Foram mais de quarenta pontos na boca, dentes quebrados, fraturas no nariz (que causaram complicações respiratórias) e um rosto desfigurado por socos, além dos hematomas nos braços e no peito e marcas de mordidas.
Ela contou ao Fantástico que conheceu o agressor Vinícius Batista Serra em uma rede social, e que trocaram mensagens por oito meses antes de marcarem o primeiro encontro: um jantar na casa de Elaine.
Depois do jantar, Vinícius propôs que os dois dormissem juntos, e a vítima acordou com o advogado tentando matá-la com uma “gravata”. Ela se defendeu do golpe, mas foi espancada na própria cama por quatro horas, sem que ninguém fosse capaz de impedir: nem vizinhos, nem seguranças, nem funcionários do prédio, ninguém interveio.
Ao Jornal Extra, os funcionários do prédio disseram que “pensaram se tratar de uma briga de casal” (?)
Como, em um condomínio, uma mulher é espancada por tanto tempo e absolutamente ninguém intervém? Como é possível que uma violência tão brutal ainda seja tratada com tanta naturalidade?
E pronto. Deixaram o agressor em paz para que terminasse o serviço sem ser incomodado.
Na mentalidade do cidadão médio brasileiro, brigas de casal são assim mesmo: às vezes o homem espanca a mulher por quatro horas até quase mata-la. Acontece nas melhores famílias.
Em briga de marido e mulher, você sabe, não se mete a colher.
Apenas um dos funcionários do condomínio entrou no apartamento de Elaine e disse um comedido “vamos parar com isso”, ao que Vinícius respondeu, segundo informações do irmão da vítima, “entra aqui pra você ver o que acontece!” – e fim de papo, ninguém entrou.
Essa me pareceu uma ameaça suficientemente lúcida, mas o agressor alegou um surto psicótico. “Bebi vinho, dormi e acordei em surto.”
Que tipo de surto dura quatro horas? Que tipo de pessoa surtada tem a frieza de ameaçar verbalmente uma testemunha que tenta impedi-la? Quem, em um surto psicótico, pensaria em fugir assim que flagrado?
Mais do que isso: que tipo de surtado sabe que está em surto e se autodiagnostica com a rapidez de um culpado?
Além disso, segundo o irmão da vítima, Vinícius apresentou-se na portaria do condomínio como Felipe, o que abre a possibilidade – que para mim parece particularmente óbvia – de um crime premeditado.

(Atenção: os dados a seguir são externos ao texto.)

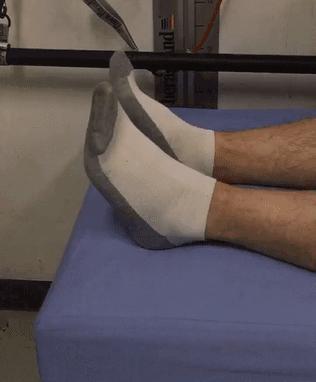 脚踝足内翻可以恢复吗,后天足内翻走路姿势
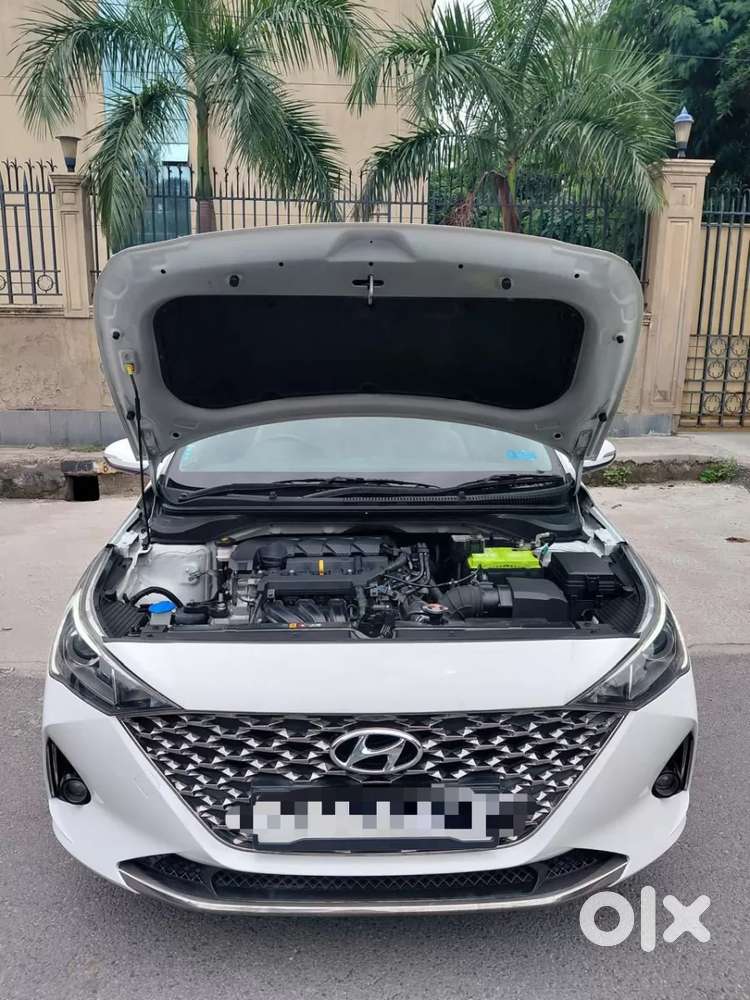 Hyundai Verna 1.5 Sx (o) Vtvt Ivt, 2023, Petrol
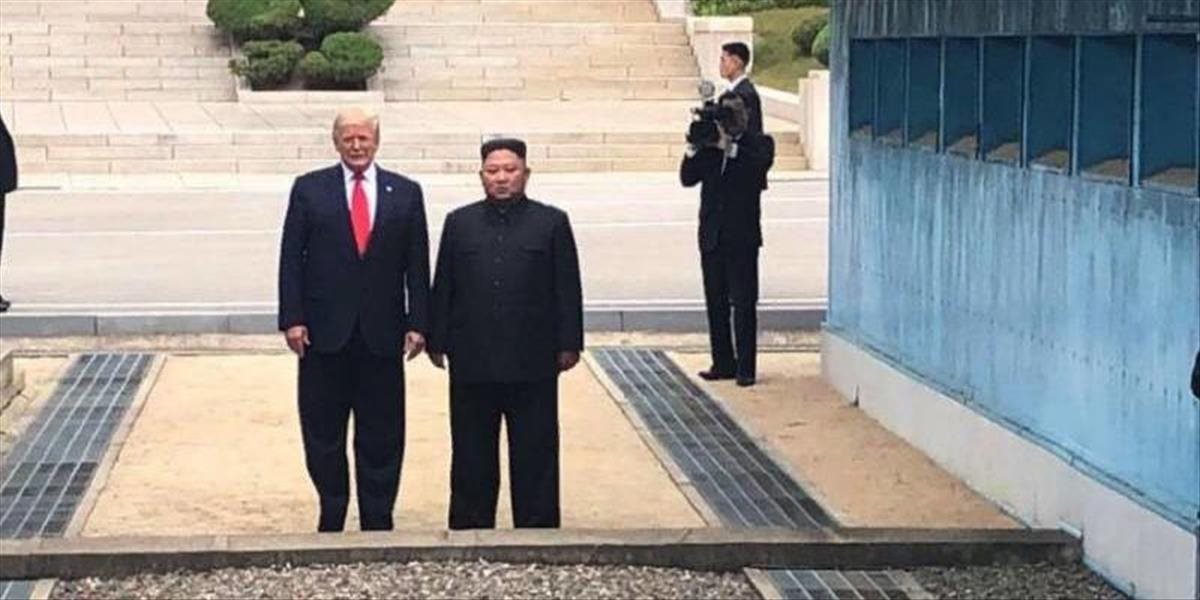 Prezident USA po prvýkrát prekročil hranicu Severnej Kórei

Por que ele daria um nome falso se suas intenções não fossem nefastas?
O homem foi preso em flagrante por tentativa de feminicídio, mas as cirurgias de reconstrução facial, os quarenta pontos, o rosto desfigurado e a humilhação pública ficam na conta de Elaine, que, como se não bastasse, tem sido julgada, como toda mulher vítima de violência.
Pasmem, já encontraram um jeito de culpa-la.
Porque ela permitiu que ele entrasse em sua casa. Porque ela não adivinhou que seria espancada e quase morta. Porque ela confiou em alguém que conheceu pela internet – como se ninguém tivesse encontros eróticos com parceiros que conheceu pela internet.
Porque “essas mulheres carentes conhecem o homem e já colocam dentro de casa.” Não porque “esses homens violentos espancam, estupram, matam e vandalizam.”
Não importa o quão impossível pareça: é sempre tempo de culpar uma mulher vítima de violência. É assim que a sociedade dos cidadãos de bem trata as mulheres: deixando que apanhem e dando um jeito de culpa-las no final.
Quando funcionários de um prédio dizem que não acudiram uma mulher que apanhou por quatro horas por “pensarem se tratar de uma briga de casal”, a gente compreende, mais uma vez, que nossos corpos são vistos e tratados como propriedade dos homens com quem nos relacionamos, seja como troféus, seja como sacos de pancada.